EXERCISE: Scan the records below for the line with "Colorful Retro Stripe" and the line with "Scandinavian vintage wire pendant light", and retype that range exactly, both ends included, pictures excepted.

LISTED RECORDS:

═══

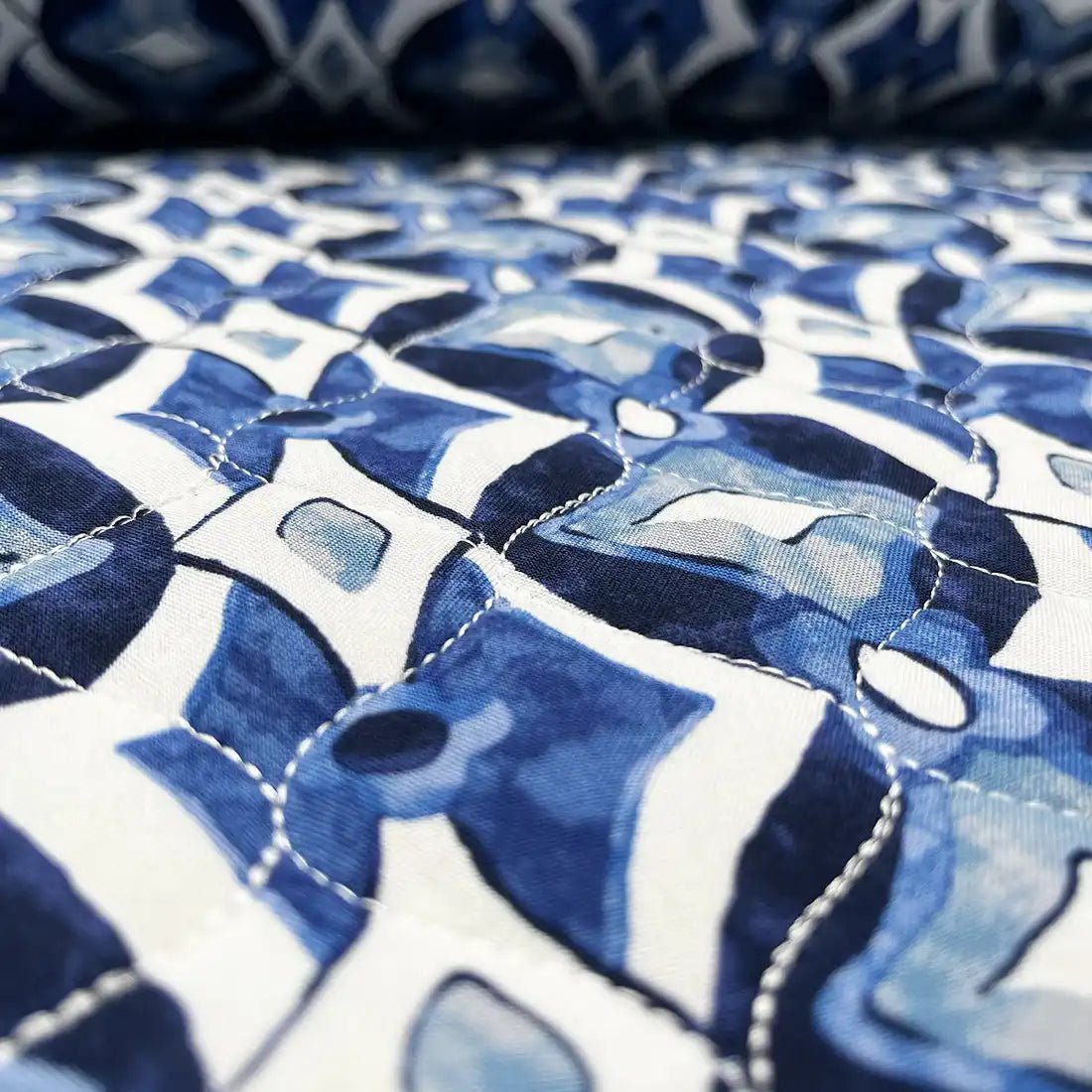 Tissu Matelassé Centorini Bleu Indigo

═══

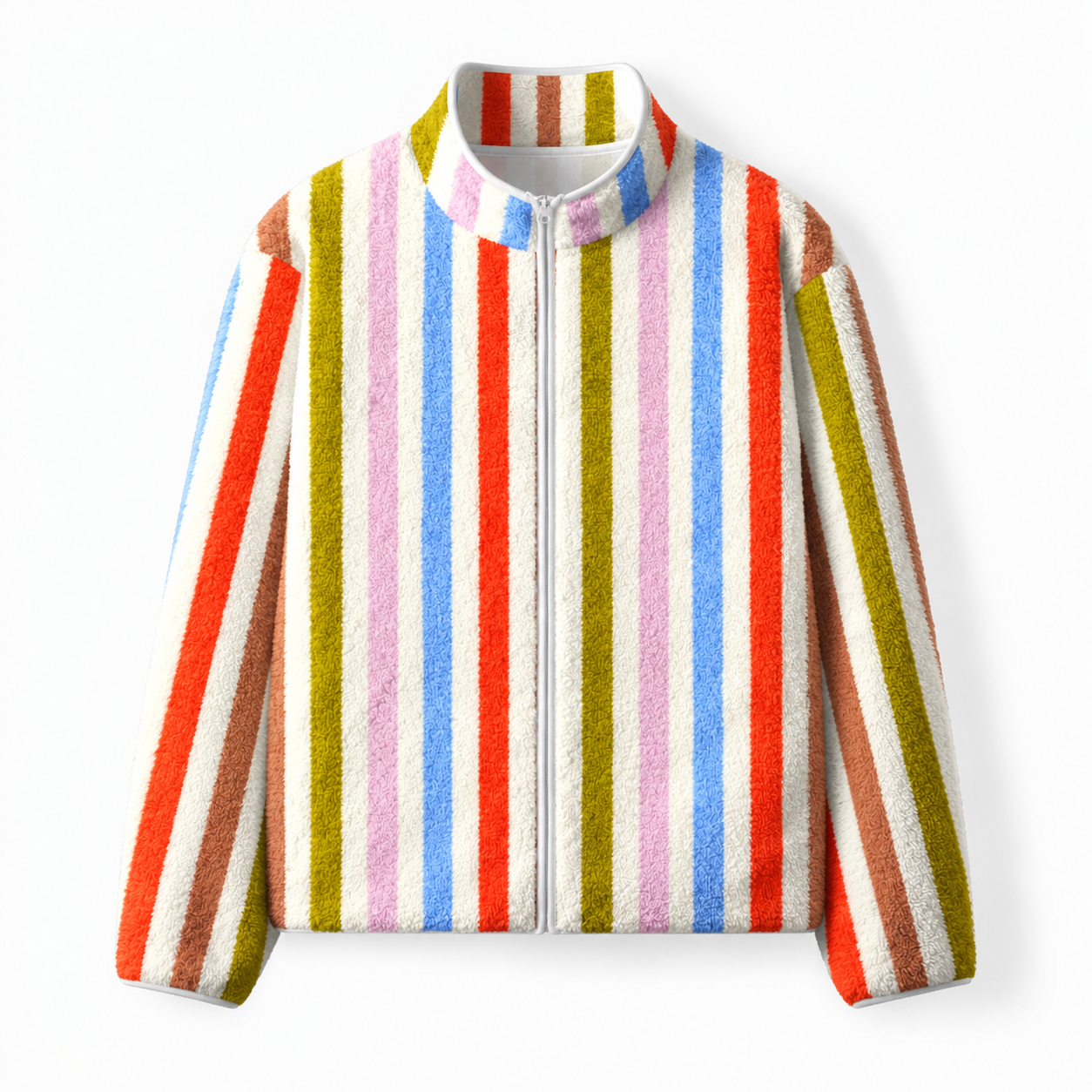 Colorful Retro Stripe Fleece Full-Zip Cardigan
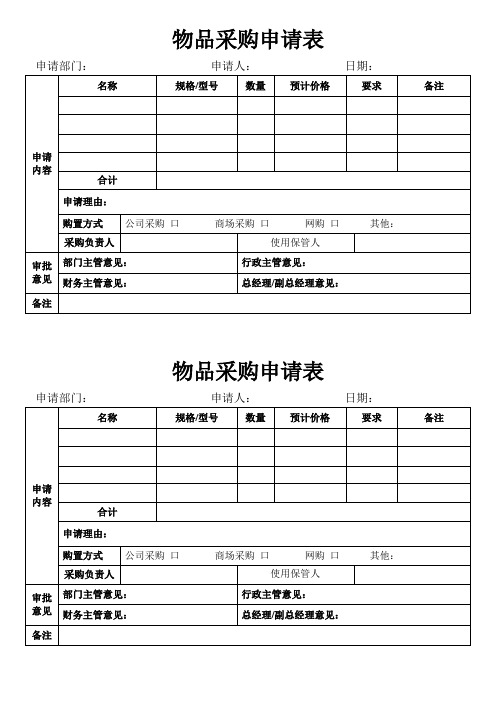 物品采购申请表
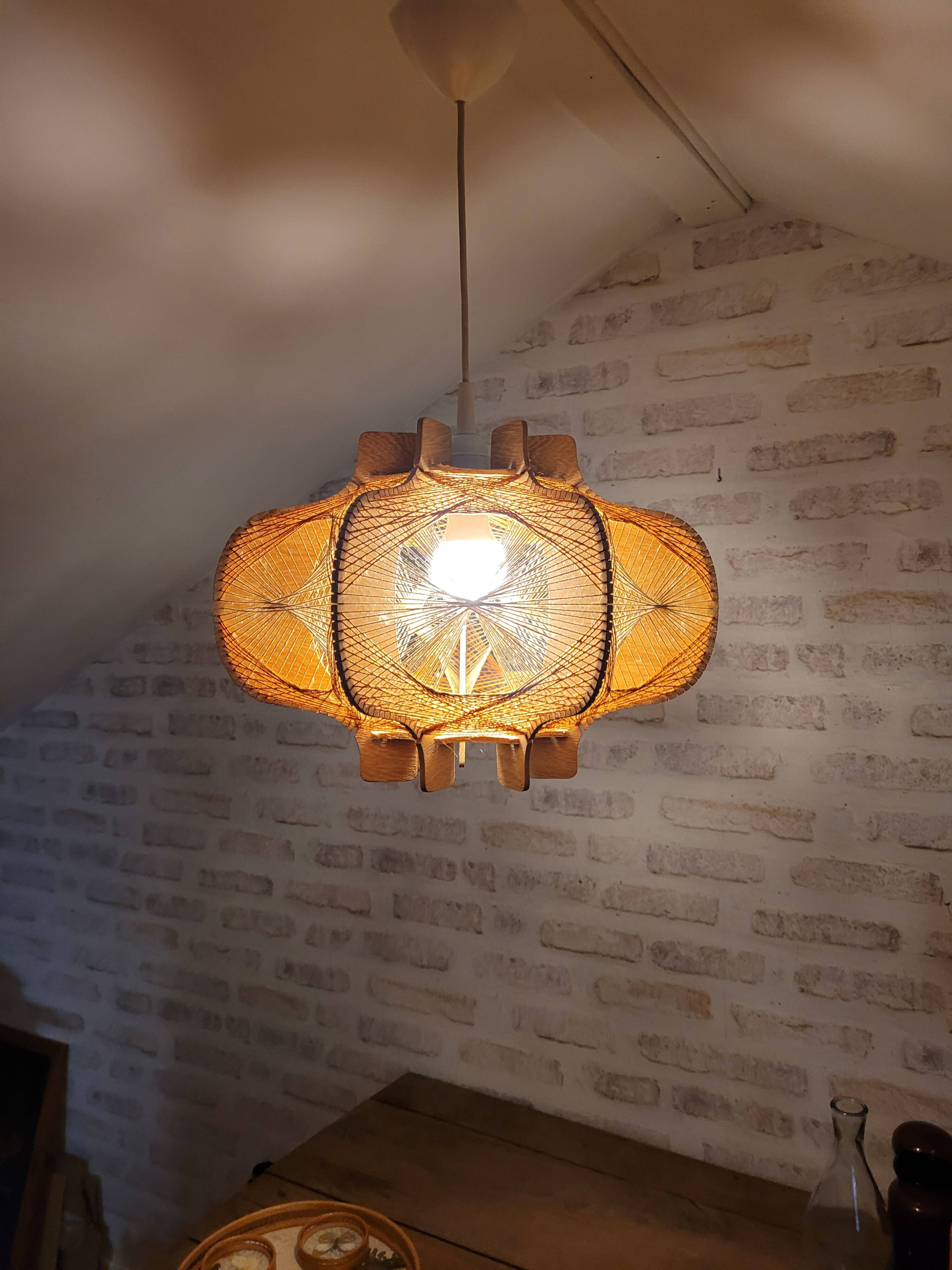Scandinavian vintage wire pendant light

═══

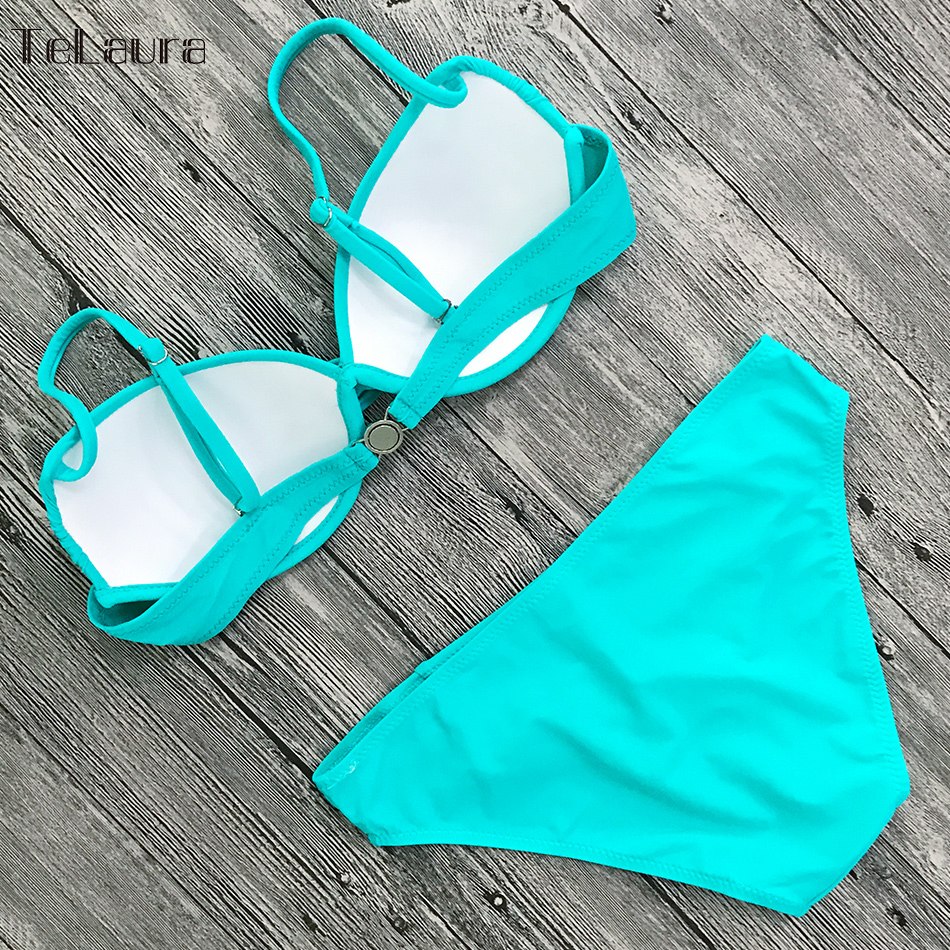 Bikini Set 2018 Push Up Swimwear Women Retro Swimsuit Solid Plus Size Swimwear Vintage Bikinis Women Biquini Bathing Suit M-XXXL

═══

YOUR SOLUTION:
 Colorful Retro Stripe Fleece Full-Zip Cardigan
 物品采购申请表
Scandinavian vintage wire pendant light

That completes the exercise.